Name Type Description Default
pid int

Process ID to track. Defaults to current process ID.

getpid()
interval float

Sampling interval in seconds. Defaults to 1.

1
children bool

Whether to track child processes. Defaults to True.

True
autostart bool

Whether to start tracking immediately. Defaults to True.

True
output_file str

File to write the output to. Defaults to None, print to stdout.

None

Methods:

Name Description
__call__

Dummy method to make this class callable.

diff_stats

Calculate stats since last call.

start_tracking

Start an infinite loop tracking resource usage of the process until it exits.

Source code in resource_tracker/tracker.py
class PidTracker:
    """Track resource usage of a process and optionally its children.

    This class monitors system resources like CPU times and usage, memory usage,
    GPU and VRAM utilization, I/O operations for a given process ID and
    optionally its child processes.

    Data is collected every `interval` seconds and written to the stdout or
    `output_file` (if provided) as CSV. Currently, the following columns are
    tracked:

    - timestamp (float): The current timestamp.
    - pid (int): The monitored process ID.
    - children (int | None): The current number of child processes.
    - utime (int): The total user+nice mode CPU time in clock ticks.
    - stime (int): The total system mode CPU time in clock ticks.
    - cpu_usage (float): The current CPU usage between 0 and number of CPUs.
    - pss (int): The current PSS (Proportional Set Size) in kB.
    - read_bytes (int): The total number of bytes read from disk.
    - write_bytes (int): The total number of bytes written to disk.
    - gpu_usage (float): The current GPU utilization between 0 and GPU count.
    - gpu_vram (float): The current GPU memory used in MiB.
    - gpu_utilized (int): The number of GPUs with utilization > 0.

    Args:
        pid (int, optional): Process ID to track. Defaults to current process ID.
        interval (float, optional): Sampling interval in seconds. Defaults to 1.
        children (bool, optional): Whether to track child processes. Defaults to True.
        autostart (bool, optional): Whether to start tracking immediately. Defaults to True.
        output_file (str, optional): File to write the output to.

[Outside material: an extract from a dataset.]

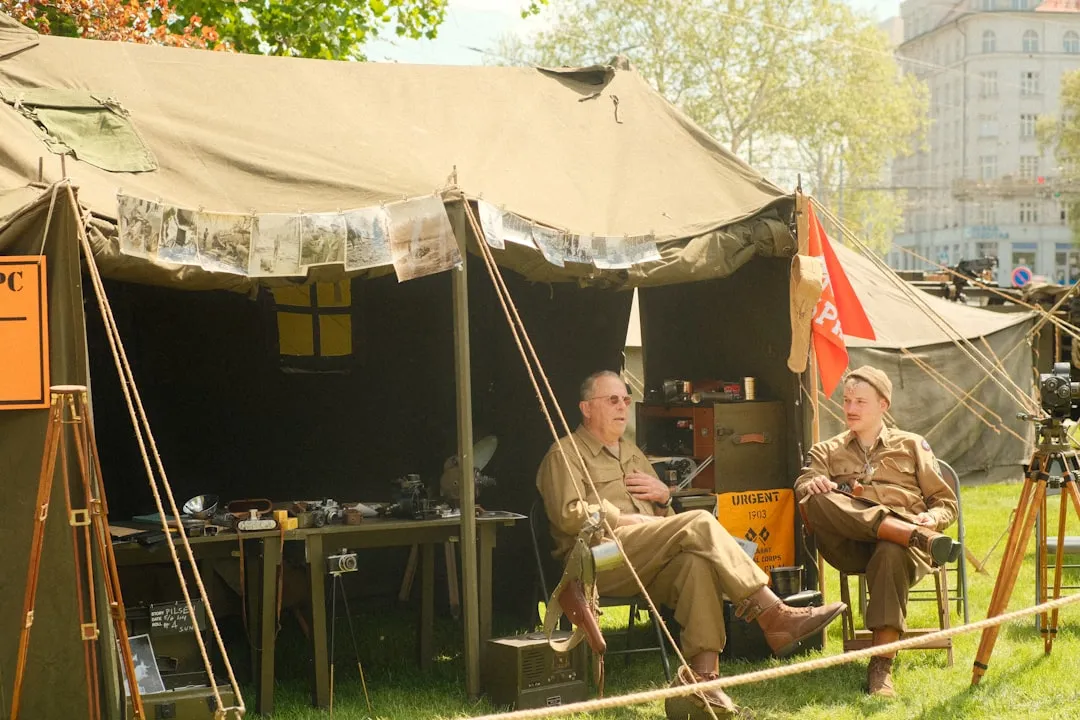Two people in uniforms sit outside of a tent.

Defaults to None, print to stdout.
    """

    def __init__(
        self,
        pid: int = getpid(),
        interval: float = 1,
        children: bool = True,
        autostart: bool = True,
        output_file: str = None,
    ):
        self.pid = pid
        self.status = "running"
        self.interval = interval
        self.cycle = 0
        self.children = children
        self.start_time = time()
        self.stats = get_pid_stats(pid, children)
        if autostart:
            self.start_tracking(output_file)

    def __call__(self):
        """Dummy method to make this class callable."""
        pass

    def diff_stats(self):
        """Calculate stats since last call."""
        last_stats = self.stats
        self.stats = get_pid_stats(self.pid, self.children)
        self.cycle += 1

        return {
            "timestamp": self.stats["timestamp"],
            "pid": self.pid,
            "children": self.stats["children"],
            "utime": max(0, self.stats["utime"] - last_stats["utime"]),
            "stime": max(0, self.stats["stime"] - last_stats["stime"]),
            "cpu_usage": round(
                max(
                    0,
                    (
                        (self.stats["utime"] + self.stats["stime"])
                        - (last_stats["utime"] + last_stats["stime"])
                    )
                    / (self.stats["timestamp"] - last_stats["timestamp"])
                    / sysconf("SC_CLK_TCK"),
                ),
                4,
            ),
            "pss": self.stats["pss"],
            "read_bytes": max(0, self.stats["read_bytes"] - last_stats["read_bytes"]),
            "write_bytes": max(
                0, self.stats["write_bytes"] - last_stats["write_bytes"]
            ),
            "gpu_usage": self.stats["gpu_usage"],
            "gpu_vram": self.stats["gpu_vram"],
            "gpu_utilized": self.stats["gpu_utilized"],
        }

    def start_tracking(
        self, output_file: Optional[str] = None, print_header: bool = True
    ):
        """Start an infinite loop tracking resource usage of the process until it exits.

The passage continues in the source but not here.